● **Instructions to follow**: Wherever pictures occur in the entries below, leave them out and retype the rest exactly.
Listed records below:
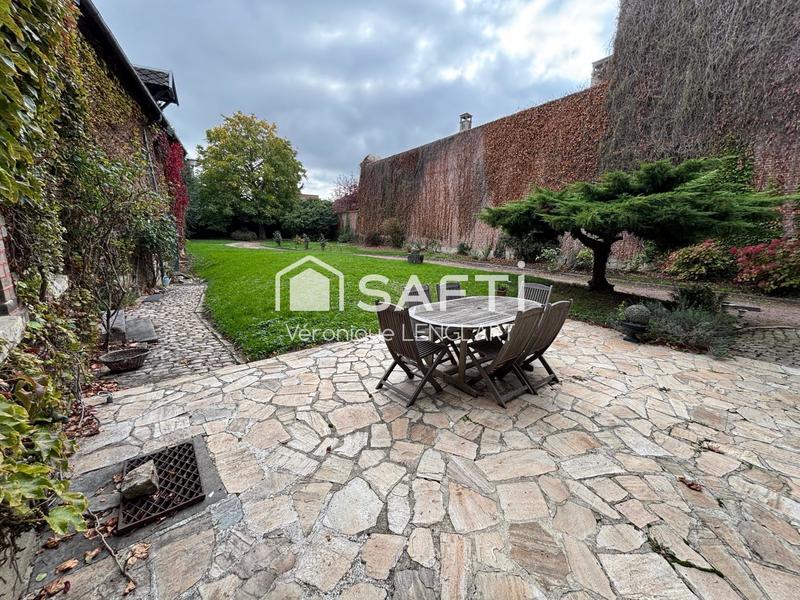 Maison - 353 m² - 10 pièces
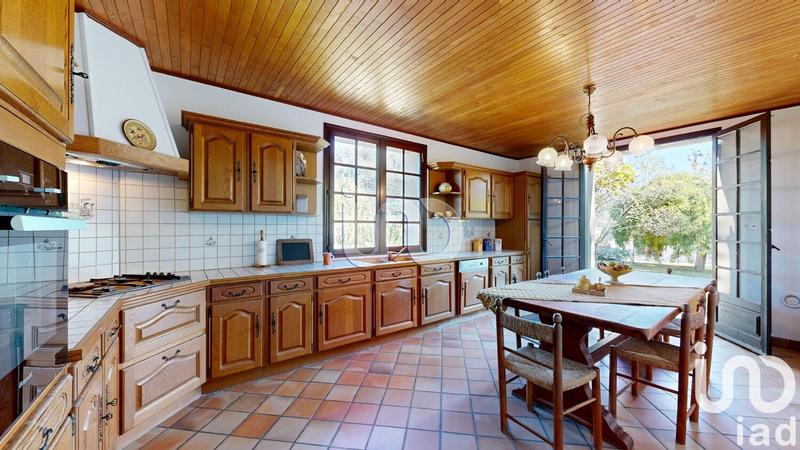 Maison - 221 m² - 7 pièces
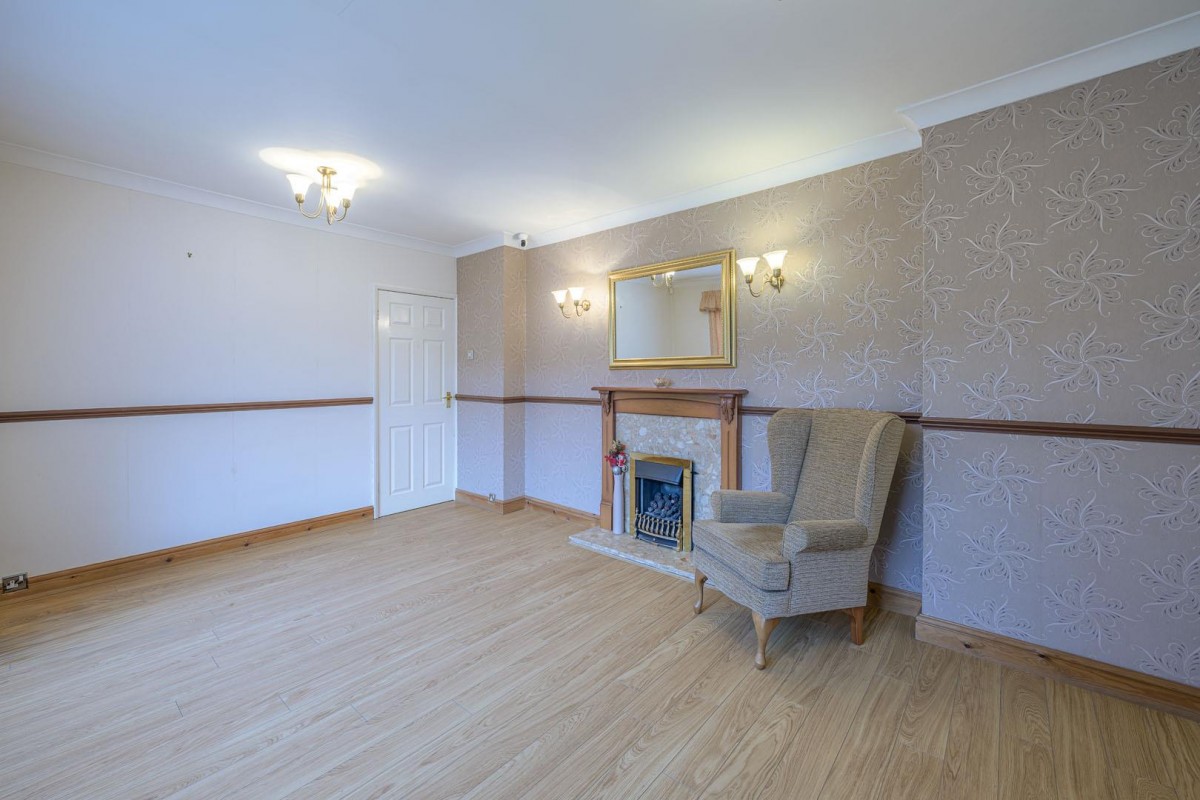 Essex Avenue, Kingswinford, DY6 9RH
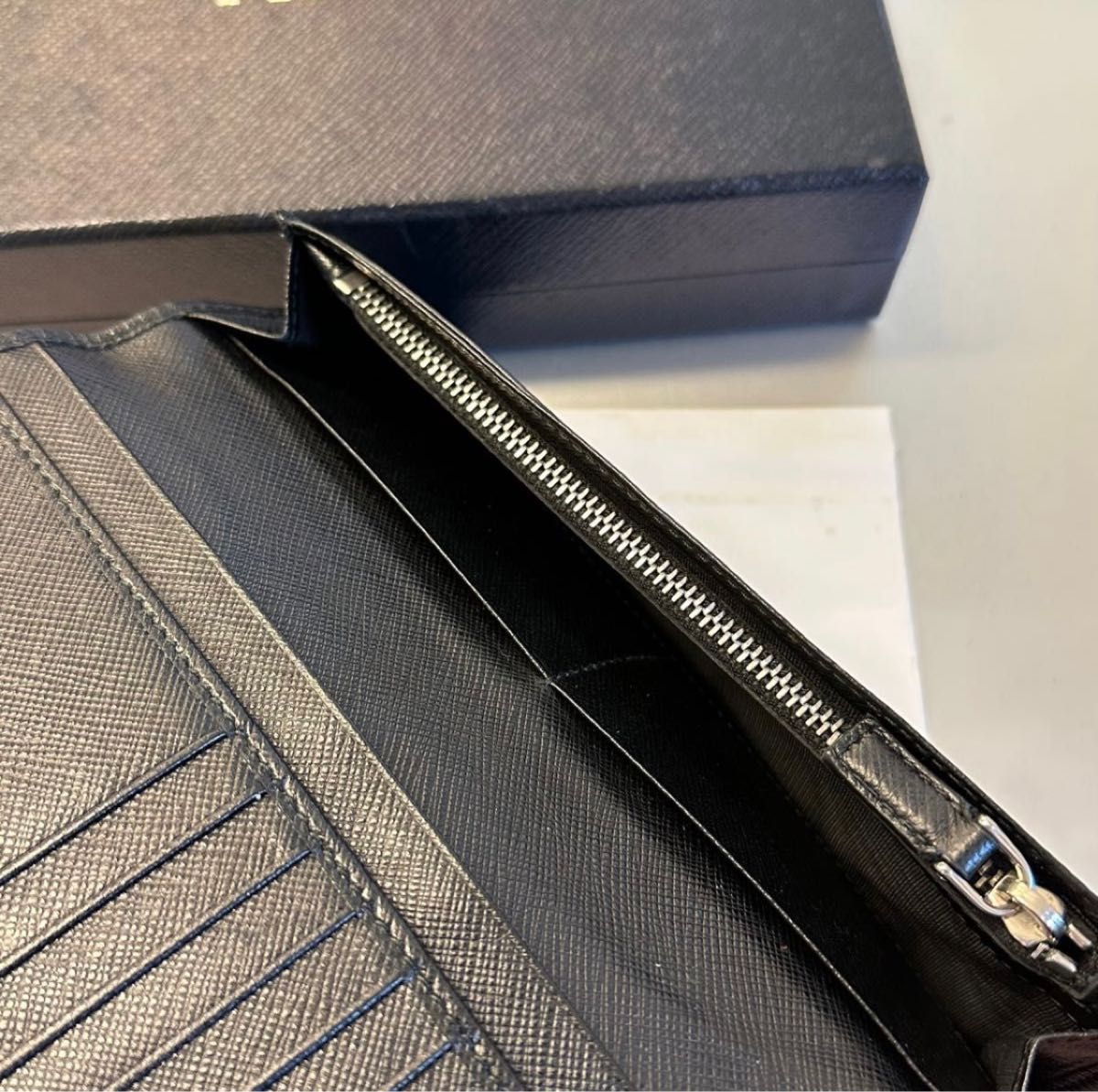 未使用に近い プラダ PRADA 財布 長財布 サフィアーノレザー 未使用に近い プラダ PRADA 財布 長財布 サフィアーノレザー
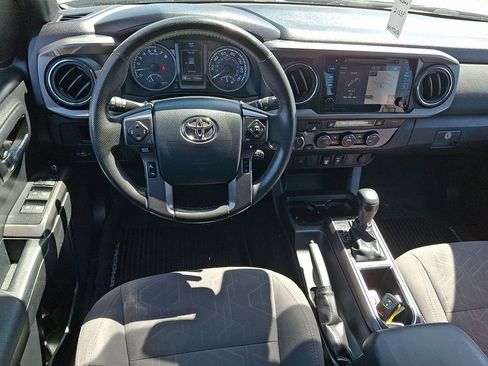 Used 2019 Toyota Tacoma SR AWD/4WD image 11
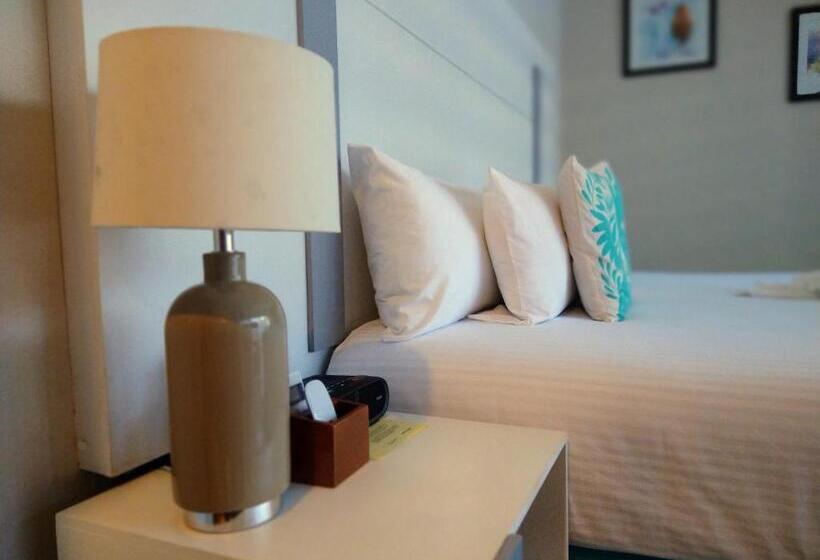 סוויטה נוף לבריכה, Xaha Villas Suites & Golf Resort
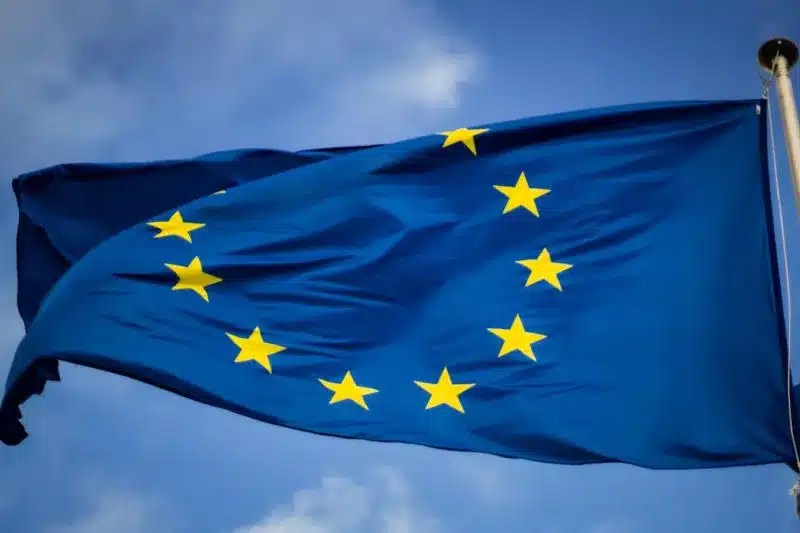 Новые правила ЕС будут продлить срок службы смартфонов и планшетов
End of Listed records.
● **Written solution**:
 Maison - 353 m² - 10 pièces
 Maison - 221 m² - 7 pièces
 Essex Avenue, Kingswinford, DY6 9RH
 未使用に近い プラダ PRADA 財布 長財布 サフィアーノレザー 未使用に近い プラダ PRADA 財布 長財布 サフィアーノレザー
 Used 2019 Toyota Tacoma SR AWD/4WD image 11
 סוויטה נוף לבריכה, Xaha Villas Suites & Golf Resort
 Новые правила ЕС будут продлить срок службы смартфонов и планшетов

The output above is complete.